It isn’t rare for sick shinobi and wealthy civilians from other lands to come to Konoha for medical attention, and it’s always Tsunade or Sakura tending to them.  But it is rare for Tsunade to enlist Sakura on the job because she actually _needs_ the help.

In this case, it’s a clan that was targeted.  Two shinobi who had been poisoned were transported from Iwa.  There are also two other carcasses sent with them, both who had already passed from the same poison’s effects.  A team of medics, including Shizune, are currently performing an autopsy on a dead woman and—to Sakura’s disgust—a dead child.

“It almost looks like blood cells themselves,” Sakura notes aloud as she stares under the microscope. “I’m impressed they even identified it as a poison so fast.”

“Not fast enough,” Tsunade corrects.  “A quarter of the clansmen are already dead because of this toxin.”

“Wait, _what?_ ” Sakura looks at Tsunade, utterly baffled.  “How?”

“All we know is that it was in the water supply.”

“I thought tensions were low.  Who are prospective assailants?”  And for a moment, Sakura thinks of the bandits that she previously discussed with her peers.  But this clan is located in the crest of Kiri, nowhere near Suna or Tani.

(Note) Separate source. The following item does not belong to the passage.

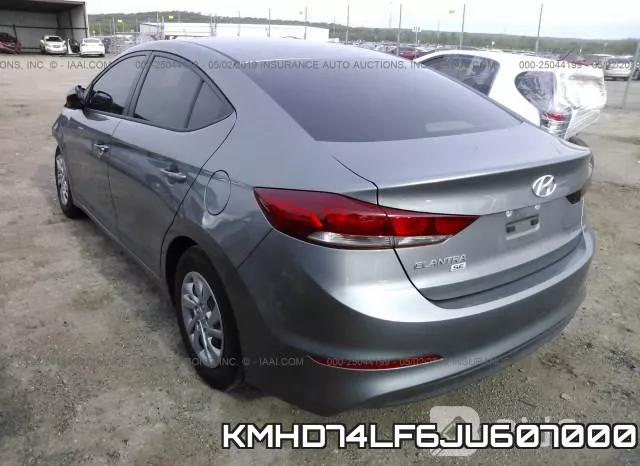 KMHD74LF6JU607000 фото 4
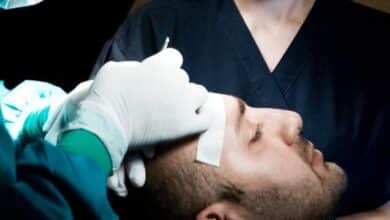 How to Find a Good Hair Transplant Surgeon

“There’s nothing we currently know that can clue us in on the nature of this poison,” Tsunade explains.  “So just focus on the sample.  We’ll go over details later.”  Her shishou’s voice is becoming increasingly agitated.  Sakura’s sure context could help her analysis, but her juvenile need to please is not quite dead yet.

Sakura orders an assistant to prepare several rats and mice for testing, while she takes great pains to carefully extract the poison from samples of infected tissue and blood.  

Gentle pats of affection and soothing chakra has the critters effortlessly docile.  She’s thankful for their cooperation, and the smile she wears is tense and morbid when she injects each of them with a venom that will ultimately result in their deaths.  And she can’t help but wonder if she’ll be this calm when fate sticks a well-deserved syringe in her too.

* * *

 

She traces the line of a red streak along her wrist with a nimble finger.  A pretty scarlet outlined with pink.  It has finally stopped bleeding, and she knows that if she applies too much pressure, it will start again.  She chooses to be gentle.

Sakura doesn’t cut often.  She doesn’t even like it.  There is no euphoric release, no distraction from the red monologue of her life in bringing a blade to skin.  She could cut until there was no blood left to spill and she’d still cry only from the heaviness of her heart, not her wounds.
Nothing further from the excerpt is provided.